Only the lines from the one containing "Fitbit Charge 6" through the last line of the data below belong in your answer, copied exactly and without pictures.

[RAW DATA Boundary: Start]

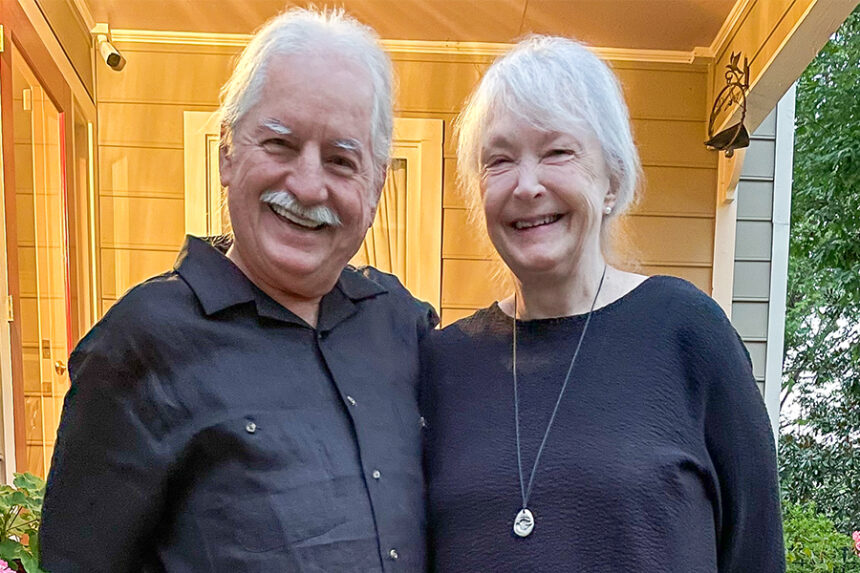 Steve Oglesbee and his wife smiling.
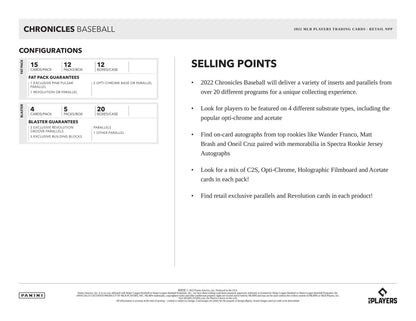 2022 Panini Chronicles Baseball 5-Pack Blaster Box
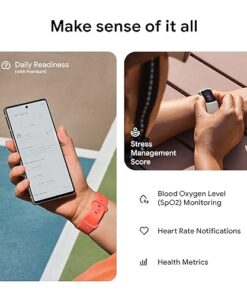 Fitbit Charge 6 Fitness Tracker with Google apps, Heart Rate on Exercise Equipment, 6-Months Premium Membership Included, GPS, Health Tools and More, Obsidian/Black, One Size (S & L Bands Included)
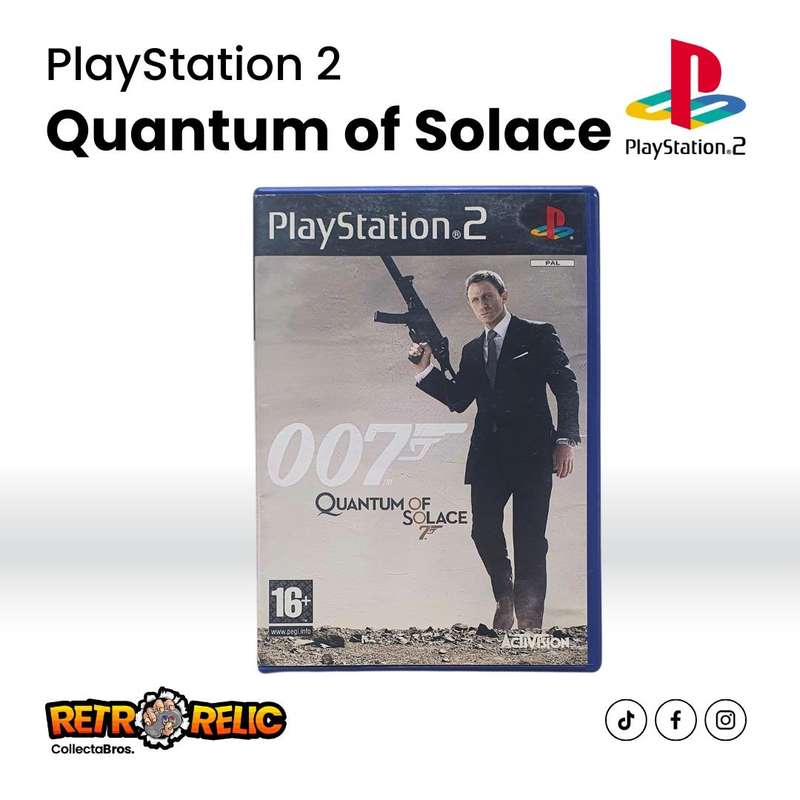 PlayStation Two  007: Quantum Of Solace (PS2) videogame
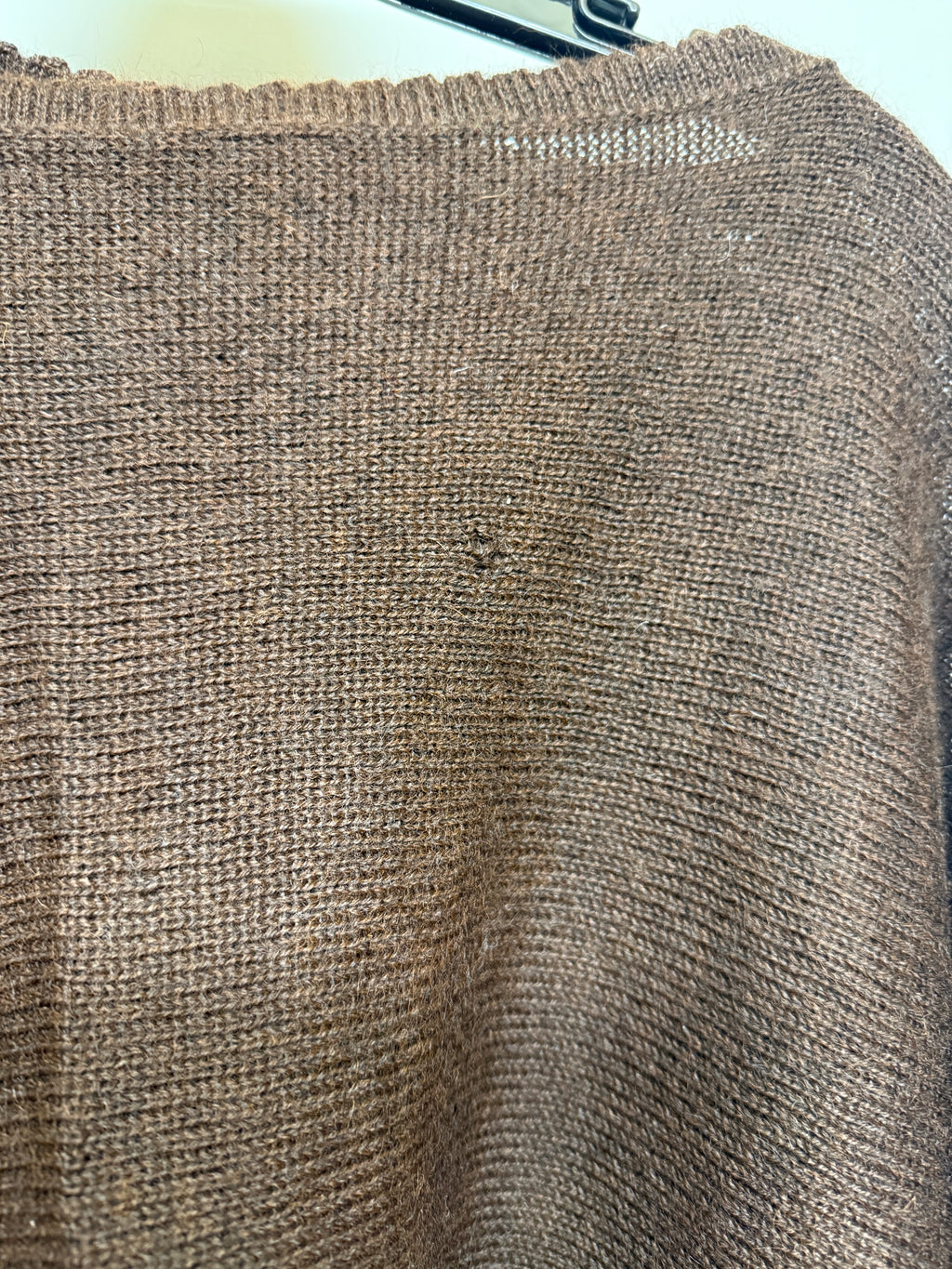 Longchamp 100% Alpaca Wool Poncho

[RAW DATA Boundary: End]

__EXERCISE RESULT__
 Fitbit Charge 6 Fitness Tracker with Google apps, Heart Rate on Exercise Equipment, 6-Months Premium Membership Included, GPS, Health Tools and More, Obsidian/Black, One Size (S & L Bands Included)
 PlayStation Two  007: Quantum Of Solace (PS2) videogame
 Longchamp 100% Alpaca Wool Poncho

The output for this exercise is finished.